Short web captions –
--- START ---
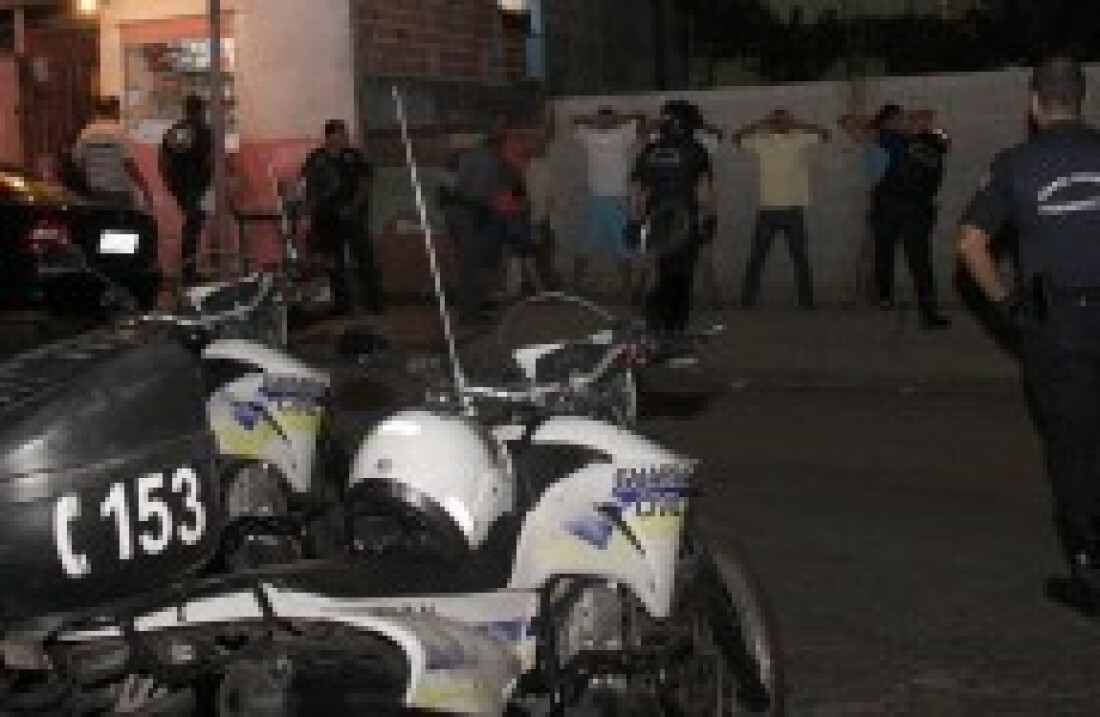 Prefeitura fecha mais três bares irregulares em Itaquá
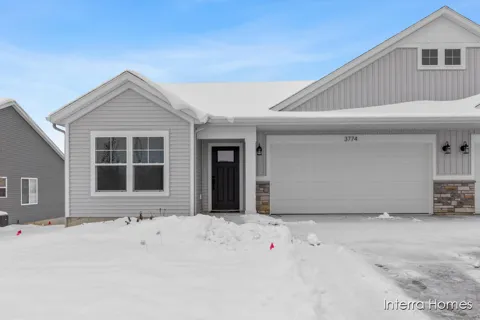 3774 Ambrosia Drive SW #24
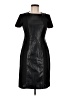 Addison Black Casual Dress Size 6 - photo 1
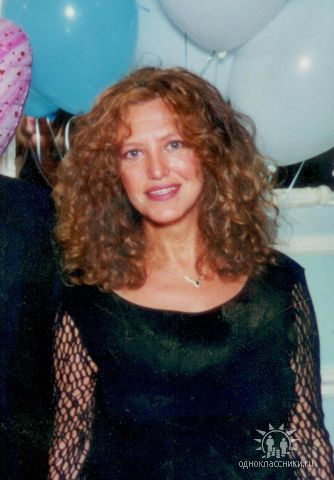 Лина Зонис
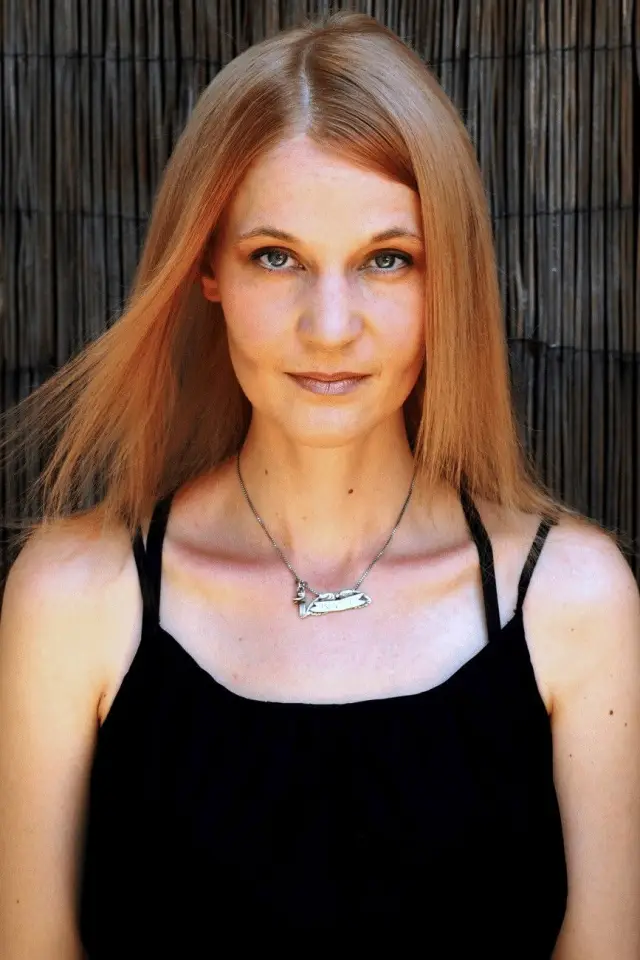 Zdjęcie  (Saara Lamberg)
--- END ---
Your assignment –
In the answer, the data should reappear exactly, with no pictures.

Expected answer –
 Prefeitura fecha mais três bares irregulares em Itaquá
 3774 Ambrosia Drive SW #24
 Addison Black Casual Dress Size 6 - photo 1
 Лина Зонис
 Zdjęcie  (Saara Lamberg)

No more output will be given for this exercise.